Marriott International announced Monday it has struck a deal to purchase Starwood Hotels & Resorts Worldwide in a mostly stock sale worth about $12.2 billion.
As part of the deal, Marriott will receive Starwood’s hotel chains including well-known brands such as the W, Westin, Sheraton and St. Regis. The new hotel company is now the largest in the world, with more than 5,500 hotels and 1.1 million rooms worldwide, according to a joint press release.
During a conference call Monday morning, Marriott CEO Arne Sorenson said the deal is expected to result in about $200 million in cost savings, with some savings coming by uniting duplicative services, such as those for taking reservations and accounting, and other operational efficiencies.
Bruce Duncan, Starwood’s board chairman, said the company conducted a global review of its options, including remaining as a stand-alone company, before deciding the Marriott deal was best for its shareholders.

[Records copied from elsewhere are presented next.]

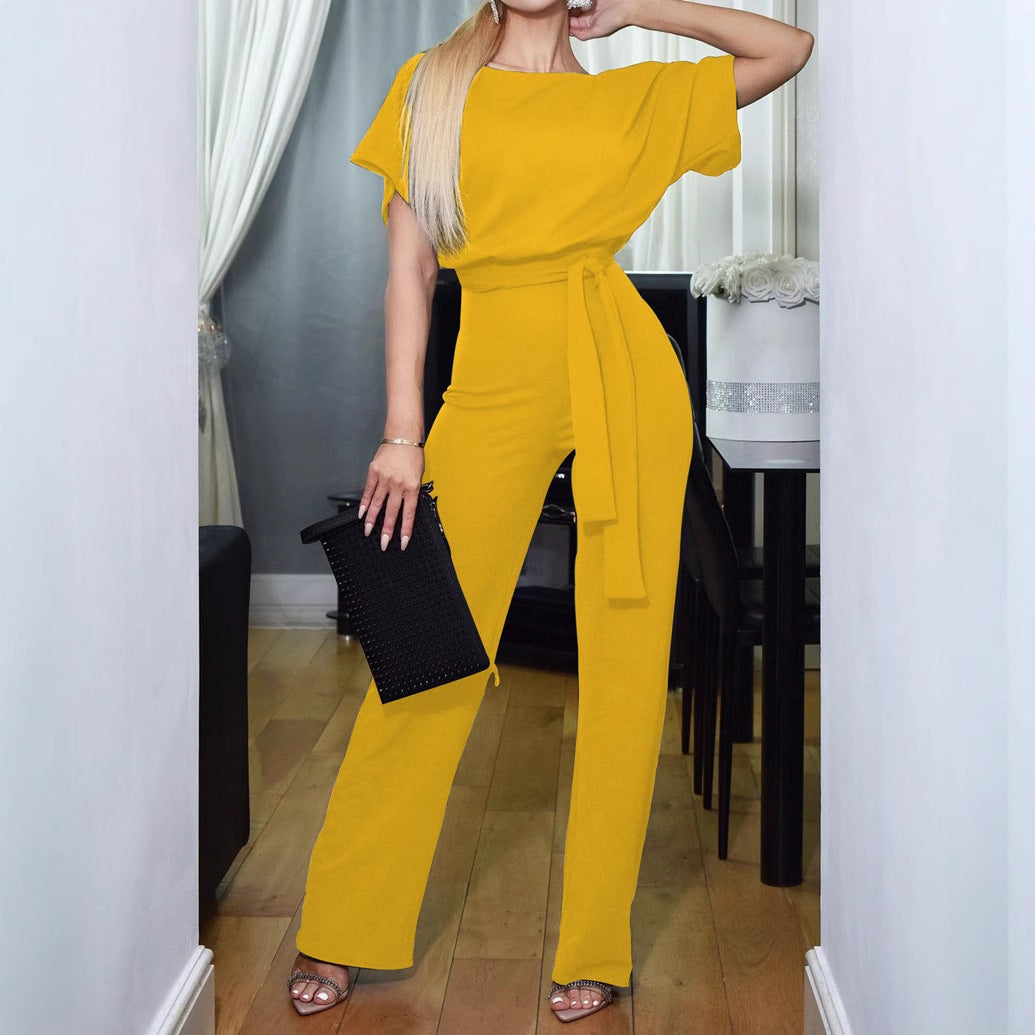 Women's Casual Two-Piece Set with Elegant Waist Belt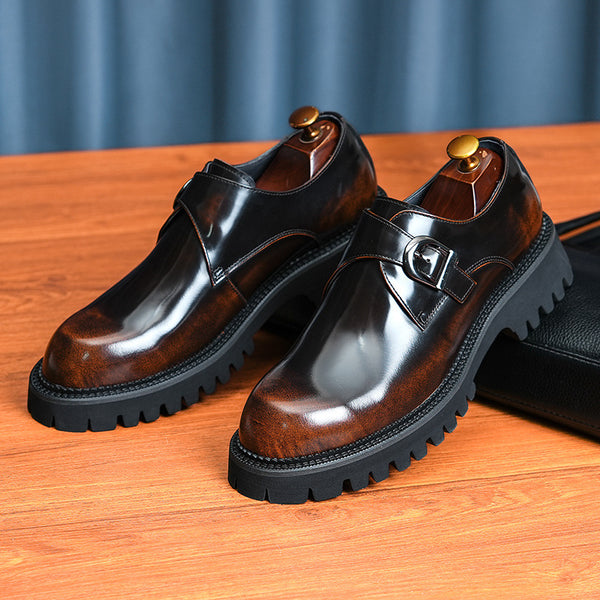 Men's British Style Leather Casual Shoes in Black and Brown - Shiny Finish - Cowhide - Size 37-46 - Men's Footwear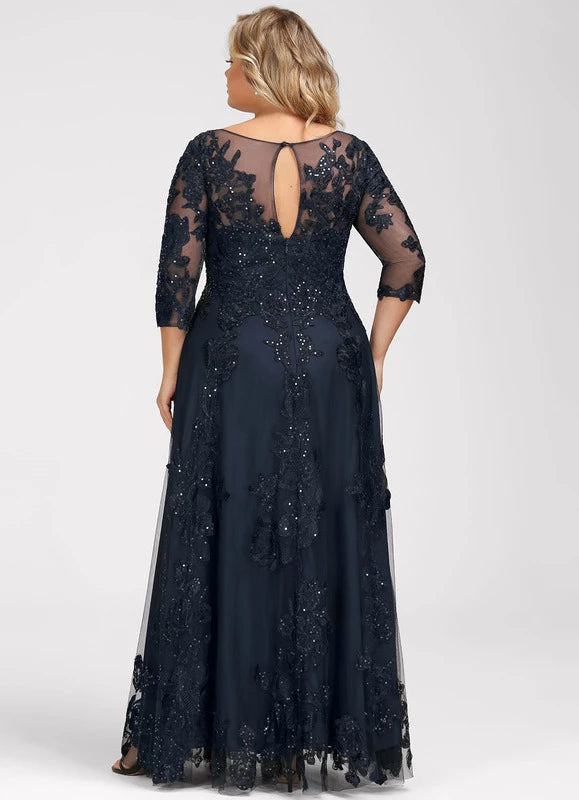 Elegant Plus Size Navy Blue Illusion Neck Lace Applique Sequin Floor-Length Mother Of The Bride Dress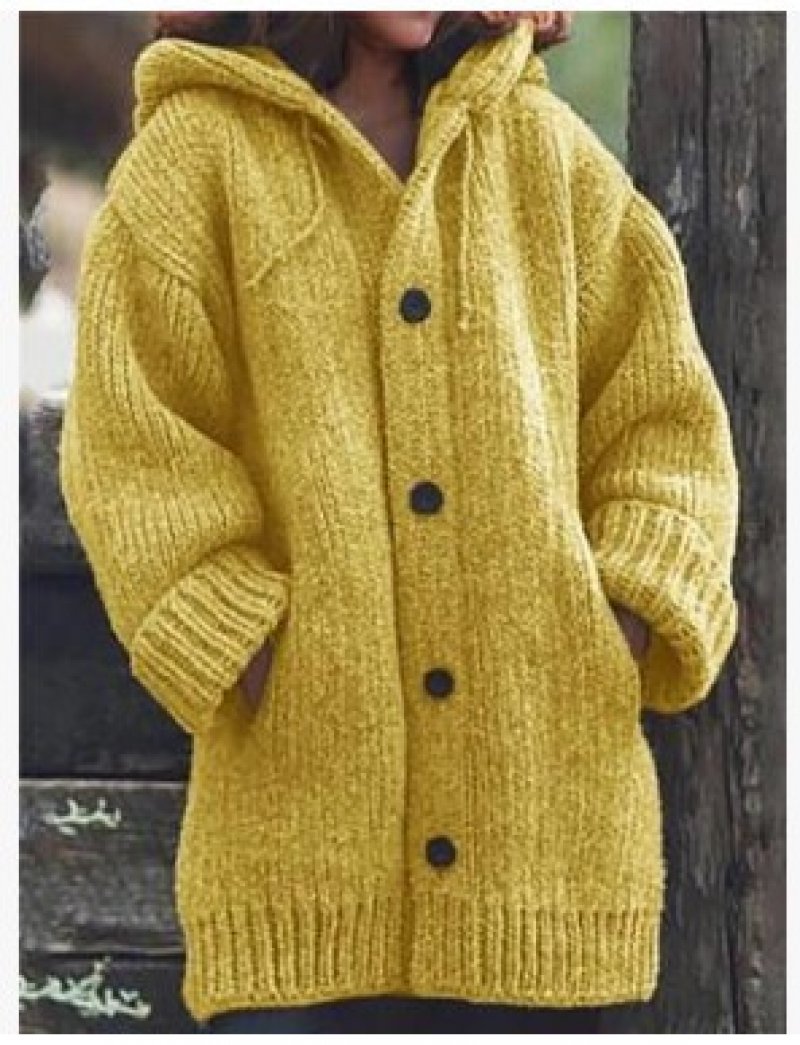 Hooded Button Thick Knit Cardigan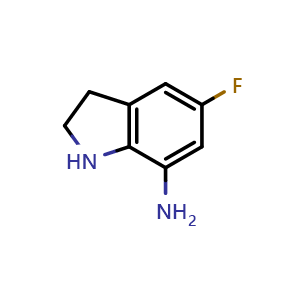 Chemical structure of 5-fluoroindolin-7-amine , CAS 194476-44-3, AChemBlock S77549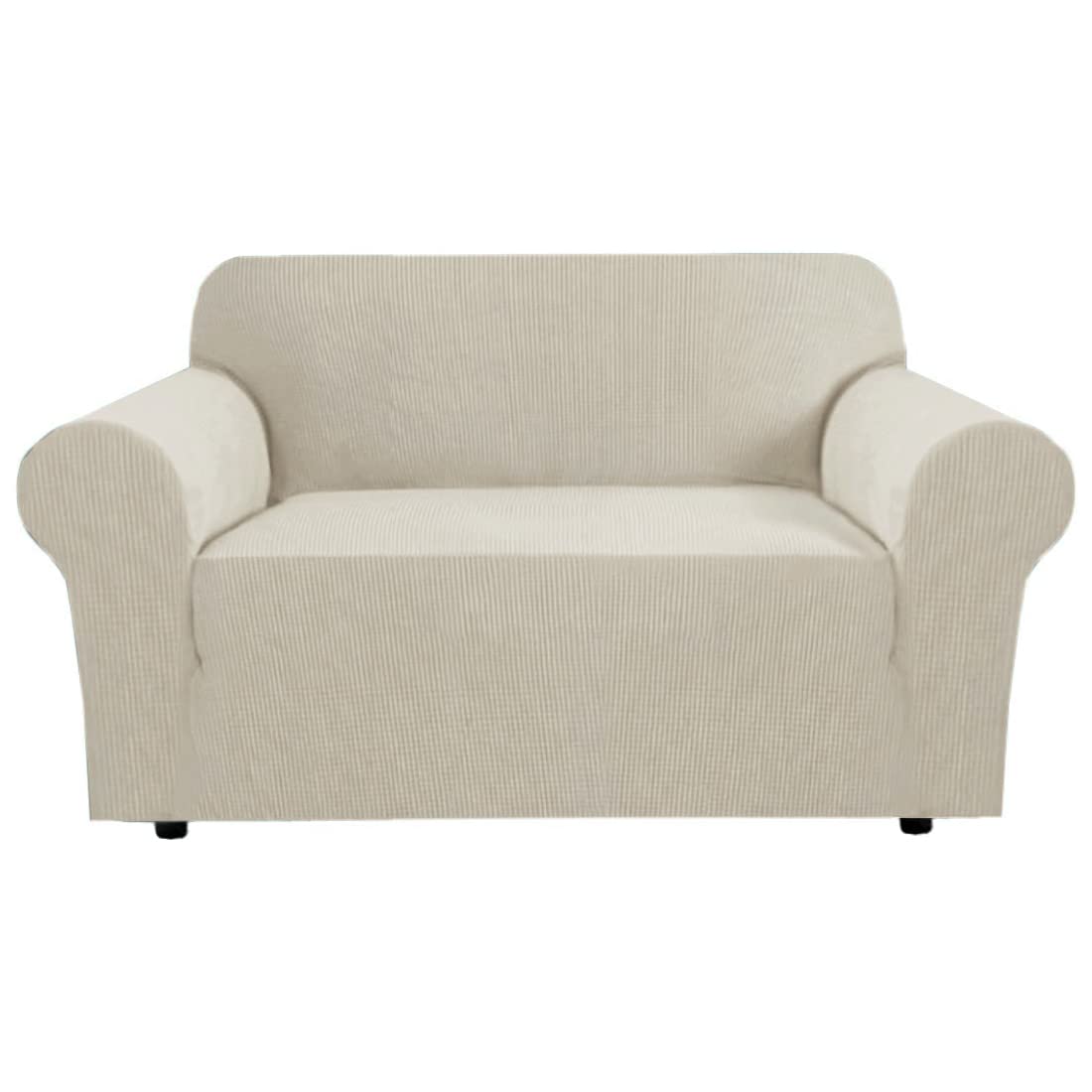 H.VERSAILTEX Stretch Sofa Covers for 3 Cushion Couch Covers Sofa Slipcovers for Living Room Feature Thick Checked Jacquard Fabric with Elastic Bottom, Sofa Large - Sand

“Starwood is a strong company, with much envied brands, hotels and people, but there’s no question it can benefit from scale and efficiency,” Duncan said on the conference call. “Marriott gives us that opportunity.”
Adam Aron, Starwood’s interim CEO, said the merger will also provide new career opportunities for Starwood’s employees.
“Marriott has a business culture that drives results through consistent execution,” Aron said.
Starwood has been the subject of sales talks since April, when it announced it was looking to make a deal. Previously, InterContinental Hotels and Hyatt had both been rumored as possible buyers, but ultimately it was Marriott that came away with the company, according to The New York Times.
Marriott will remain at its Bethesda headquarters and Sorenson remains the president and CEO of the company as part of the sale.
“The driving force behind this transaction is growth,” Sorenson said in a statement. “This is an opportunity to create value by combining the distribution and strengths of Marriott and Starwood, enhancing our competitiveness in a quickly evolving marketplace.”
Starwood shareholders are expected to receive $79 per share in total value in the deal, which amounts to $70 per share, plus a $2 cash consideration and approximately $7.80 a share based on the sale of Starwood’s time-share businesses that wasn’t included in the Marriott deal. The merger is expected to officially close in mid-2016.